Unlike many film and TV sets, a house or building may just be used occasionally with lots of work done in studios. In Downton Abbey, however, the house is a living, breathing family home and all shots of and in the house are THE house. The real Downton Abbey is Highclere Castle, the hereditary estate and country seat of the Earl of Carnarvon. Having a love of magnificent stately homes is certainly one of the reasons to watch Downton Abbey. Highclere Castle is a Jacobethan charm with grounds designed by much lauded landscaper Capability Brown, and the house stands where a house has stood since at least the 10th century. Unlike Downtown, which is set in the north of England in the county of Yorkshire, Highclere Castle is in the south, in Hampshire. The house has also appeared in the movies Eyes Wide Shut, The Four Feathers, The Secret Garden and King Ralph.

2. The Upstairs

One of the reasons we watch TV is to escape. At Downton Abbey you can escape to another world - a world where the life upstairs is one of class and privilege and all the trappings it brings to a titled family in the first half of the 20th century.

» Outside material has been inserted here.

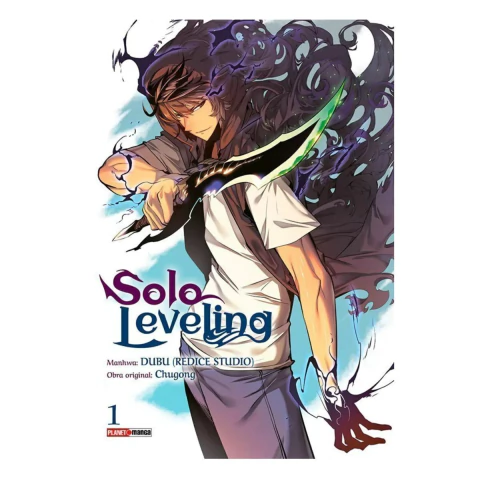 Solo Leveling Vol. 1 - Mangá - Panini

Watch with laughter, tears, joy and sadness as Lord and Lady Grantham and their three daughters embrace everything life throws at them. See them ravaged by World War I, suffer losses on the Titanic, save the estate from financial mis-management, get involved in the suffrage movement and the battle for Irish independence and learn how to love the new world that each decade brings. Currently we are in the mid-1920s, and women are finding more freedom in the Jazz Age. Without a direct male heir, many of the stories revolve around the future of the Downton estate and the marriages of the three Grantham ladies. A shout out for Dame Maggie Smith is appropriate here because she truly is glorious as the Dowager Lady Grantham. She is being dragged kicking and screaming into the new century and her irascibility is a joy to watch.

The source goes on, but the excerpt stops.